→ PROBLEM TO SOLVE
Down to the last line, restate the records word for word, but not the pictures.

Records contained in a dataset
= = = = =
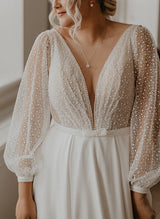 Illusion Neck Plus Size Chic A-line Lace Sweep Train Long Sleeves Wedding Dresses-Ballbella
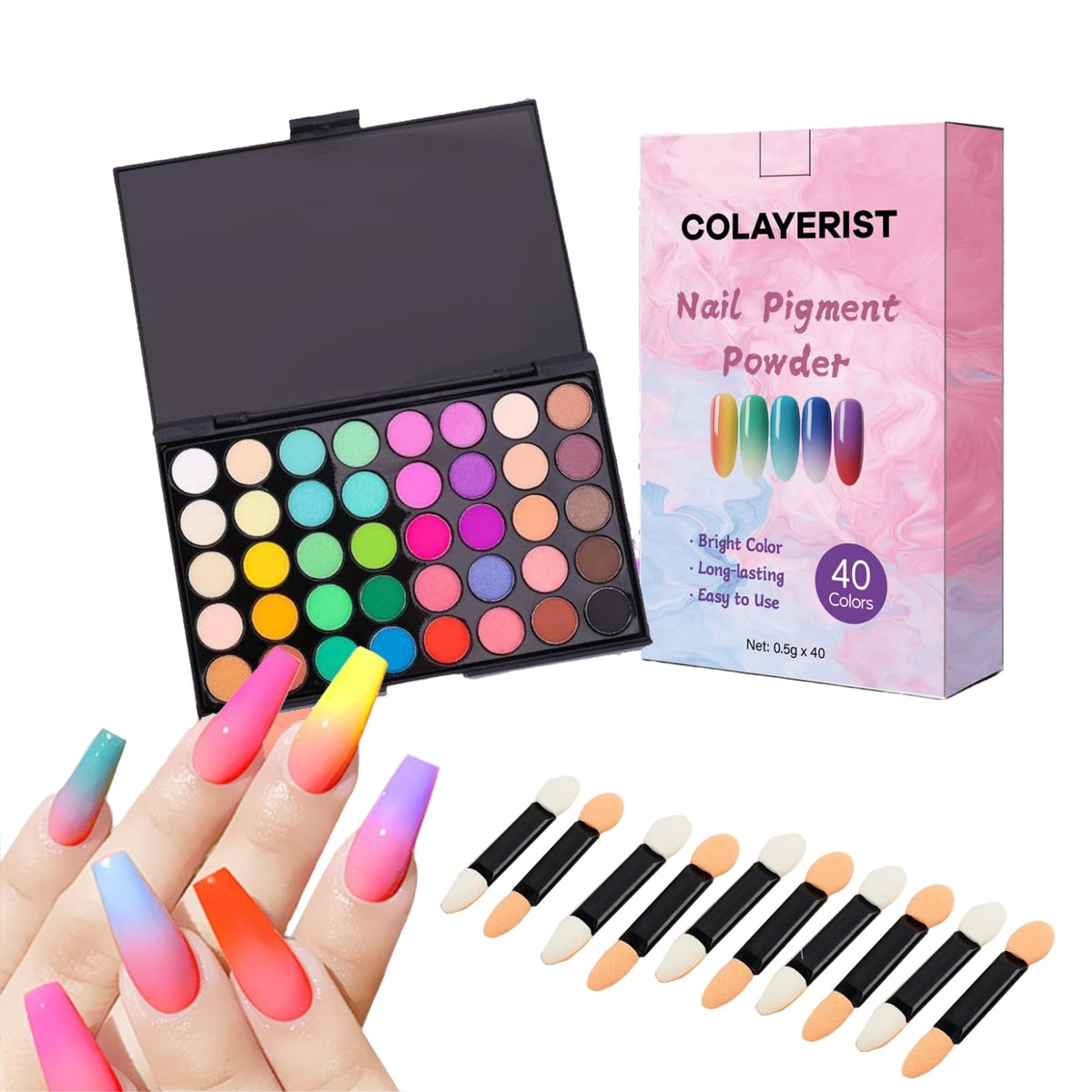 COLAYERIST front packaging showing 40 color jars and palette for variety
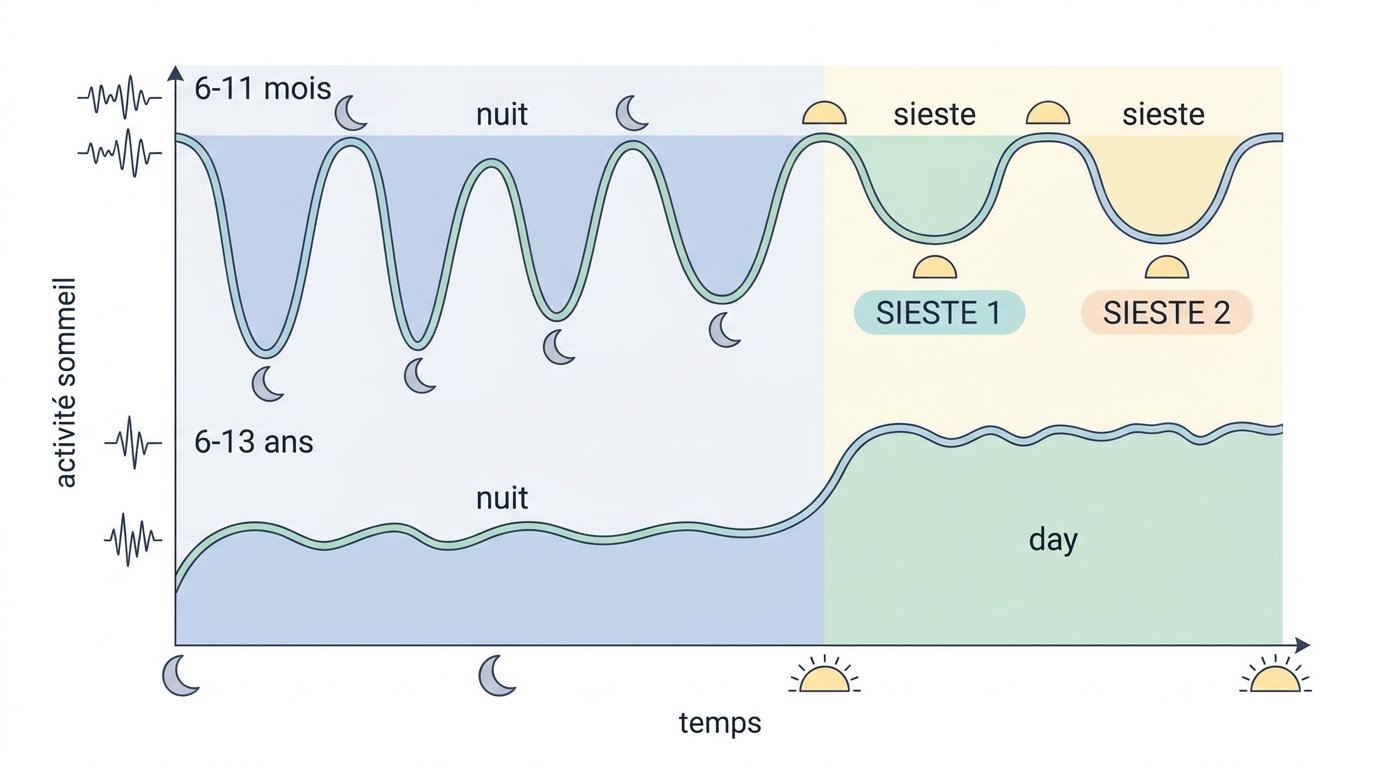 Visualiser la différence de structure du sommeil entre petits et enfants plus grands.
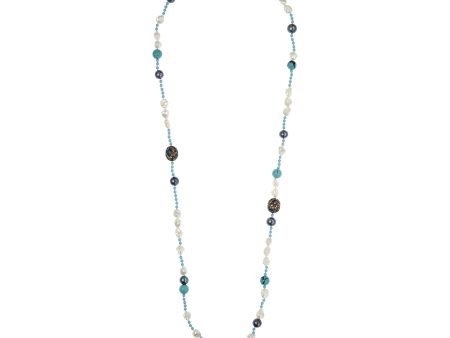 MCL Design Turquoise Beaded Statement Necklace with Sterling Silver, Dark Blue Glitter Enamel, Mixed Sapphires, Black Pearls & White Pearls For Discount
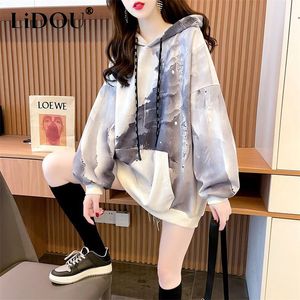 Kvinnorjackor Autumn Winter Vintage Ink Tie Dye Print Loose Casual Hoodies Top Women Hipster Fashion Jumper Korean Style Streetwear Pullover 221201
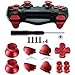 TOMSIN Metal Buttons for DualShock 4, Aluminum Metal Thumbsticks Analog Grip & Bullet Buttons & D-pad & L1 R1 L2 R2 Trigger for PS4 Controller Gen 1 (Metal Red)
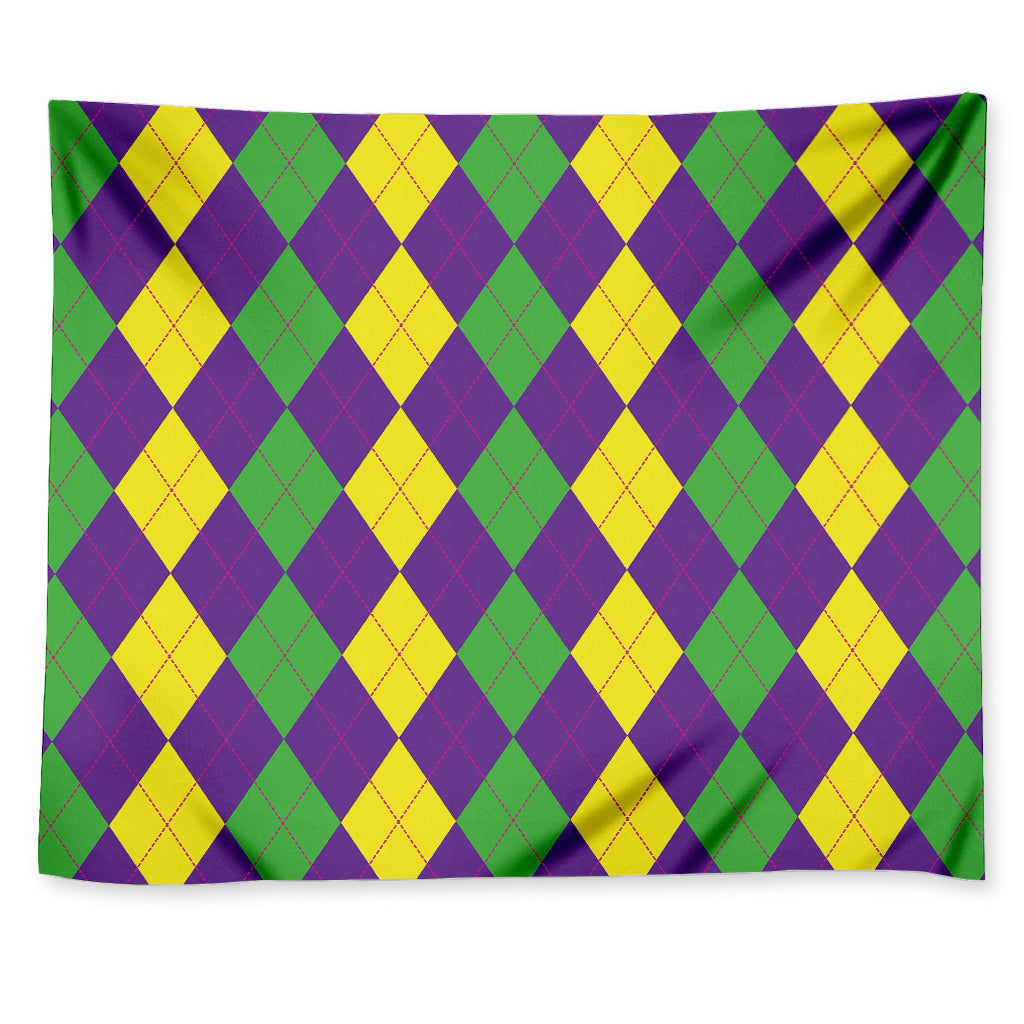 Mardi Gras Argyle Pattern Print Tapestry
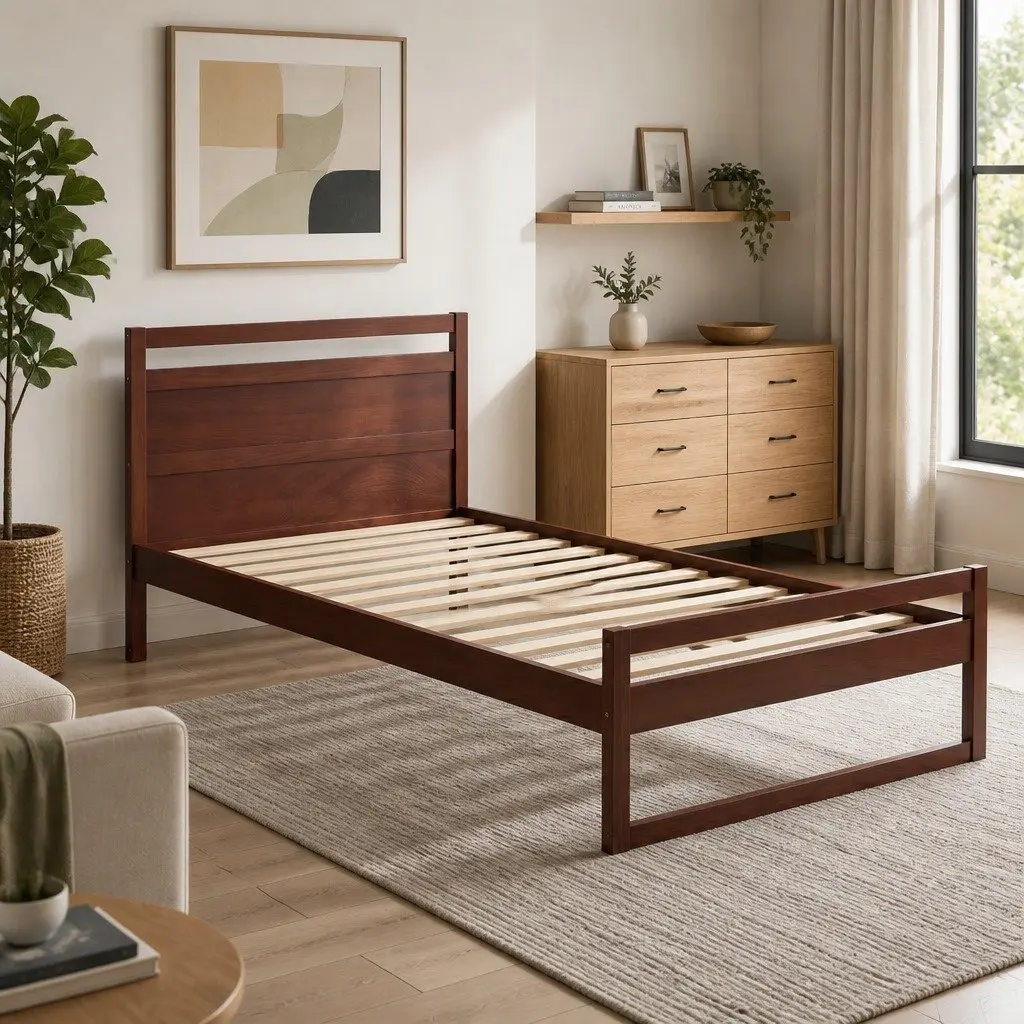 Walnut King Single Bed Frame with Slatted Base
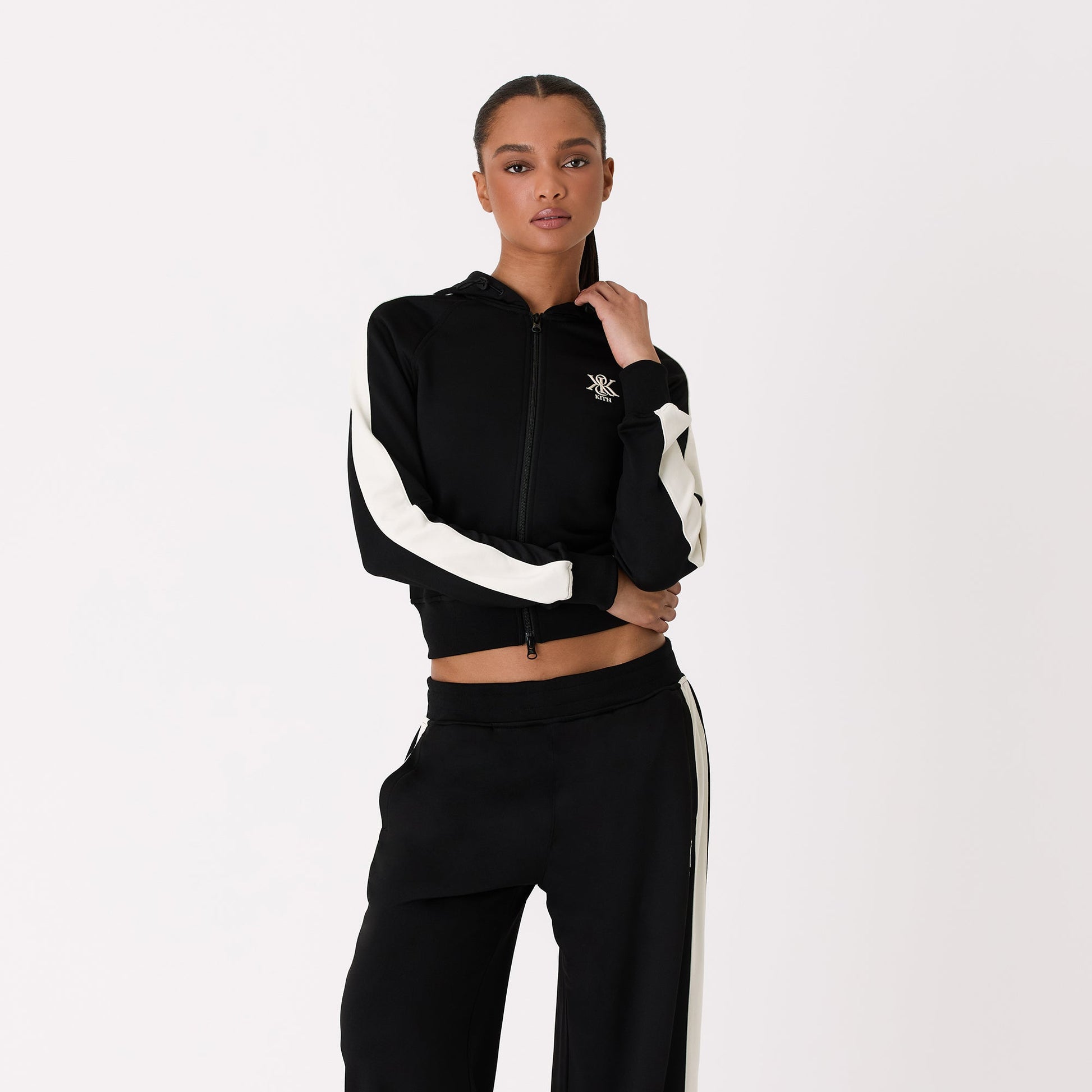 Women Kith Kith Women Arbor Hooded Track Jacket - Black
= = = = =
→ WRITTEN SOLUTION
 Illusion Neck Plus Size Chic A-line Lace Sweep Train Long Sleeves Wedding Dresses-Ballbella
 COLAYERIST front packaging showing 40 color jars and palette for variety
 Visualiser la différence de structure du sommeil entre petits et enfants plus grands.
 MCL Design Turquoise Beaded Statement Necklace with Sterling Silver, Dark Blue Glitter Enamel, Mixed Sapphires, Black Pearls & White Pearls For Discount
 Kvinnorjackor Autumn Winter Vintage Ink Tie Dye Print Loose Casual Hoodies Top Women Hipster Fashion Jumper Korean Style Streetwear Pullover 221201
 TOMSIN Metal Buttons for DualShock 4, Aluminum Metal Thumbsticks Analog Grip & Bullet Buttons & D-pad & L1 R1 L2 R2 Trigger for PS4 Controller Gen 1 (Metal Red)
 Mardi Gras Argyle Pattern Print Tapestry
 Walnut King Single Bed Frame with Slatted Base
 Women Kith Kith Women Arbor Hooded Track Jacket - Black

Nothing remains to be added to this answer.